Hai Guys, My application deals scheduled mail concept (i.e) every morning 6.00 am my users gets a remainder mail about their activities for the day... I dont know how to do this.... Many told use windows service but i will host my website on a shared server i may not get rights to do windows service... Is there any dll for sending mails at a schduled time through asp.net application ..please help me out guys......
ASP.NET doesn't have a built in scheduler, but there are ways of starting background threads even in a web application. However my advice would be to keep it simple, and have the emailer web page send emails on demand. Then you can schedule a task from any computer to visit that web page. You might want to protect the mailer application with some form of authentication to avoid abuse of the system where hackers could invoke the emailer.

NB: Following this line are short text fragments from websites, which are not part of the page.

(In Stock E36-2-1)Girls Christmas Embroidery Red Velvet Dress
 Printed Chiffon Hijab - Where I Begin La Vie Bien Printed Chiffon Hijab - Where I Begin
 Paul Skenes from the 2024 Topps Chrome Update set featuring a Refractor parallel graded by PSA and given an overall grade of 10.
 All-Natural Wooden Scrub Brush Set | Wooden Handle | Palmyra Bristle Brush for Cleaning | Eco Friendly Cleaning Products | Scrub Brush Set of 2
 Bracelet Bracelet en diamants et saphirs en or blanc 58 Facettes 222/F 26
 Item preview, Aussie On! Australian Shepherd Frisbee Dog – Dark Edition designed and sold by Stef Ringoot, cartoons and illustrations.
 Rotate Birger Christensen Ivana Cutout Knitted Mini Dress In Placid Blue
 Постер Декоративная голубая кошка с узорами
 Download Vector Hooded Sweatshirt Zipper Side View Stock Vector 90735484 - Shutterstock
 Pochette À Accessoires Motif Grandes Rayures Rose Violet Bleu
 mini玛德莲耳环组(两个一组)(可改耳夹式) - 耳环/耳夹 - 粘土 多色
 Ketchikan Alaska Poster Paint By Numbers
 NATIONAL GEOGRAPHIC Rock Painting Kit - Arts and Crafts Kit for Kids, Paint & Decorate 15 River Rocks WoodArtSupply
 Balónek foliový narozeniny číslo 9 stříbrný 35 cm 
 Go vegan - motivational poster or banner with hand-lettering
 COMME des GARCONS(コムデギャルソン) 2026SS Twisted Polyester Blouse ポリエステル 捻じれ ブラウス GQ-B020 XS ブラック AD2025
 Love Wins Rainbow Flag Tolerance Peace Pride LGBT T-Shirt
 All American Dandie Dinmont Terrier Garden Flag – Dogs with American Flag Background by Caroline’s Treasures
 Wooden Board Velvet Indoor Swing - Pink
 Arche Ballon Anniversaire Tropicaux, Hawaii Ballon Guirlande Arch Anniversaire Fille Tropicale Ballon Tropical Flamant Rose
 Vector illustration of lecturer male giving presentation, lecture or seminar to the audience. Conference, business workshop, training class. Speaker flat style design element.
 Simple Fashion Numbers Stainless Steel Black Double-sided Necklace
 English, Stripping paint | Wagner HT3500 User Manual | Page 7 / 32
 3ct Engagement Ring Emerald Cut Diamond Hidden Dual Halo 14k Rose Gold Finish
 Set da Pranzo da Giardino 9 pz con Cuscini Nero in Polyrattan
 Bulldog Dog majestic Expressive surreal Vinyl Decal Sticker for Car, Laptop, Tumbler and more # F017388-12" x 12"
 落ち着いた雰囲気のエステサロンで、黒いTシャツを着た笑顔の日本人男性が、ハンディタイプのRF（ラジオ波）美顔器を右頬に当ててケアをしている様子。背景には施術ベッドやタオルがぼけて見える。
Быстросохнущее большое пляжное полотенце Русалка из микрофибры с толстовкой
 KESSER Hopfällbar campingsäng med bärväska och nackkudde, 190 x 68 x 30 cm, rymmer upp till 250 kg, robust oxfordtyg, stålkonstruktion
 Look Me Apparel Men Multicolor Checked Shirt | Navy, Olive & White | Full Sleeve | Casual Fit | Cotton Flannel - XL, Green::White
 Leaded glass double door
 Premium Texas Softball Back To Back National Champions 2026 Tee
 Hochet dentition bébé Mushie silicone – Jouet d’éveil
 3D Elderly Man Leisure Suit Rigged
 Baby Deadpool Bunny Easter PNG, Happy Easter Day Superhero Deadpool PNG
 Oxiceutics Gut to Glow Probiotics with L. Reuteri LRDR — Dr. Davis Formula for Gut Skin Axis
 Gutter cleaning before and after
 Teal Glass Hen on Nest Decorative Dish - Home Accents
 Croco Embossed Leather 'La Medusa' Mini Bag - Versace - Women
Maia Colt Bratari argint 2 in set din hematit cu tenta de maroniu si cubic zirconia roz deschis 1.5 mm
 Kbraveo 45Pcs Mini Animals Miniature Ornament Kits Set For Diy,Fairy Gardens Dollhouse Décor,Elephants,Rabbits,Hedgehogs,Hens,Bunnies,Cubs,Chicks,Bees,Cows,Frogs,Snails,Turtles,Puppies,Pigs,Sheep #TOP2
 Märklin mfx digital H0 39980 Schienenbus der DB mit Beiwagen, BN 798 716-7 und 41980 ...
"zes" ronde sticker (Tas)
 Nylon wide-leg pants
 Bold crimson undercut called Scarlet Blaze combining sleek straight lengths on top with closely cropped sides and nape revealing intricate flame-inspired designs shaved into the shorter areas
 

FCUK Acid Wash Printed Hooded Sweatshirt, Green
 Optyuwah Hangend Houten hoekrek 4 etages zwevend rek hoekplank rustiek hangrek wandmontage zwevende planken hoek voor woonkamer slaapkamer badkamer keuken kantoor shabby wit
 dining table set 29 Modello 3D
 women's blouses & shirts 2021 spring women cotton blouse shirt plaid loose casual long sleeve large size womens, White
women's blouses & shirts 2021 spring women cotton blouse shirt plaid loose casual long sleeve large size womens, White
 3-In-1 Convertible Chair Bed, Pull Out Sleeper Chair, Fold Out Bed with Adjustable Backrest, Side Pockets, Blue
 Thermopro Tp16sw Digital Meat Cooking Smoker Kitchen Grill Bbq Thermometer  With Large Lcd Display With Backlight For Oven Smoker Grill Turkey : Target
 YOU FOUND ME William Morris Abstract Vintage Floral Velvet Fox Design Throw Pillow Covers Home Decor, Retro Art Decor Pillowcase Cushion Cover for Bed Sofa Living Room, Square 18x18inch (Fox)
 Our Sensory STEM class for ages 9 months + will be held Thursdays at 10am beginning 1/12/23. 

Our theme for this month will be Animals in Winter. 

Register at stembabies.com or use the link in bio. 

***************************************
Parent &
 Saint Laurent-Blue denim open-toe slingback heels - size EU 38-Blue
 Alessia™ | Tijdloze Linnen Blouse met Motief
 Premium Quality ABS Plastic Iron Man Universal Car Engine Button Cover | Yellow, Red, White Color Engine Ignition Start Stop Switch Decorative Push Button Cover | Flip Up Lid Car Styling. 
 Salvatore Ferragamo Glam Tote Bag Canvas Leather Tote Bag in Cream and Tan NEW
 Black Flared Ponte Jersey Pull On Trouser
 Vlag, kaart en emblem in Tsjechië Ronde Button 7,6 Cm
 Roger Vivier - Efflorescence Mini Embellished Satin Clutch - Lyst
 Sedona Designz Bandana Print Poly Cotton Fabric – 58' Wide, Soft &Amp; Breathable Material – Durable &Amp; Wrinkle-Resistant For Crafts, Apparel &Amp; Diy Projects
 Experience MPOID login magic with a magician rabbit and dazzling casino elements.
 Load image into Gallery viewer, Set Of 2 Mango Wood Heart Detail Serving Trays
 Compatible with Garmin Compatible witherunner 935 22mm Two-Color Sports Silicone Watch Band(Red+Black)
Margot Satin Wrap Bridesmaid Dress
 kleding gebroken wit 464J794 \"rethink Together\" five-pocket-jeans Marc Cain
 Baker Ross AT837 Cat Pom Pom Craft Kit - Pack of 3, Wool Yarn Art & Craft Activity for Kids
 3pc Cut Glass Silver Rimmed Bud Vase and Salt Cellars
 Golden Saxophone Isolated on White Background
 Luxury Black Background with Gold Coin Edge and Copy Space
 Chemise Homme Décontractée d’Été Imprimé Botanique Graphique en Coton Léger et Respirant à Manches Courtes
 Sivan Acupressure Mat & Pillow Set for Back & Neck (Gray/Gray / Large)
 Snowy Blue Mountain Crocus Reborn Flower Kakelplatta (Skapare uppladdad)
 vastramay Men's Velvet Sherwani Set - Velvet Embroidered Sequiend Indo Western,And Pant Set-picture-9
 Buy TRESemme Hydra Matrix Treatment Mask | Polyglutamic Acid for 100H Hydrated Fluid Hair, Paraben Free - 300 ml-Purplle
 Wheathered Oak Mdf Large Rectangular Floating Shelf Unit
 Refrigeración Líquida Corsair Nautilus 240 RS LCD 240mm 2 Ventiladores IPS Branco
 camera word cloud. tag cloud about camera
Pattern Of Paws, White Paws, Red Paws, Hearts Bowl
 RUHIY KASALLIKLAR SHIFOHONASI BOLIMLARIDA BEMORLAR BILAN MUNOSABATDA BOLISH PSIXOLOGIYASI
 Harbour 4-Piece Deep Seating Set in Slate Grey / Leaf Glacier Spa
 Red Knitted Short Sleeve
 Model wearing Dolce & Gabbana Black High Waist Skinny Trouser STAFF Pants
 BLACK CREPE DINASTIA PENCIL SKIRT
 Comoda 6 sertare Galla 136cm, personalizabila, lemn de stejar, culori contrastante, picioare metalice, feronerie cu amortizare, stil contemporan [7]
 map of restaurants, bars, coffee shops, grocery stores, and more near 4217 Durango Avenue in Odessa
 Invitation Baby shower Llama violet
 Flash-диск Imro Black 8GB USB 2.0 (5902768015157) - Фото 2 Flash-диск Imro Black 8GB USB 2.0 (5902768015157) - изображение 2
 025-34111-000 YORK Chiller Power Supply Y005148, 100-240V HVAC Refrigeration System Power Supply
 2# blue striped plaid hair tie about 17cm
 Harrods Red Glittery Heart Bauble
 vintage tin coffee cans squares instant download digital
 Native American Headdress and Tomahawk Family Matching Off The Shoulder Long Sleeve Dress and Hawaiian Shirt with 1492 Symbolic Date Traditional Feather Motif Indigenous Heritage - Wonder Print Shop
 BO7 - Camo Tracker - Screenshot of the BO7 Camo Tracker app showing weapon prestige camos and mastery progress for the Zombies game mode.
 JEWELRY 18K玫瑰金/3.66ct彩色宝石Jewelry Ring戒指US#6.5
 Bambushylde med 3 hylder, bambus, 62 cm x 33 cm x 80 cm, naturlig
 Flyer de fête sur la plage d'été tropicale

This has the added side effect (advantage) that the scheduled task is always run in your time zone.
There are some solutions but they are all far from being ideal for your situation (because you want this on a shared host). I highly recommend you change to virtual hosting if possible, so that you can use Windows Scheduler. There are hosts that offer very cheap virtual hosting plans (starting from $40).
If this not possible, you can use a background thread as suggested in the previous answer. You may also call a page periodically on your website, for example using a website monitoring service. Both solutions are not really reliable but I'm afraid you don't have many options with a shared host.
Edit: I believe some shared hosts offer you scheduled tasks in their control panel, I remember I saw this with some host some time ago. Well, in this case you can find a host that offers this service and the problem is solved, it shouldn't be very hard with a little searching.
We just set up a cache object that expires every 24 hours. Initialize it in global.asax You can set the callback method to do your batch processing. Make sure when it's done, it re-fills the cache up with the dummy object that will call the callback again in another 24 hours.
I am not sure if you are able to or not, considering the hosting environments, but it would definitely be worth your while to look into Quartz.NET for this sort of thing. You create a job, and schedule it to run at 6:00 AM every morning. It's a rather impressive tool, all-in-all.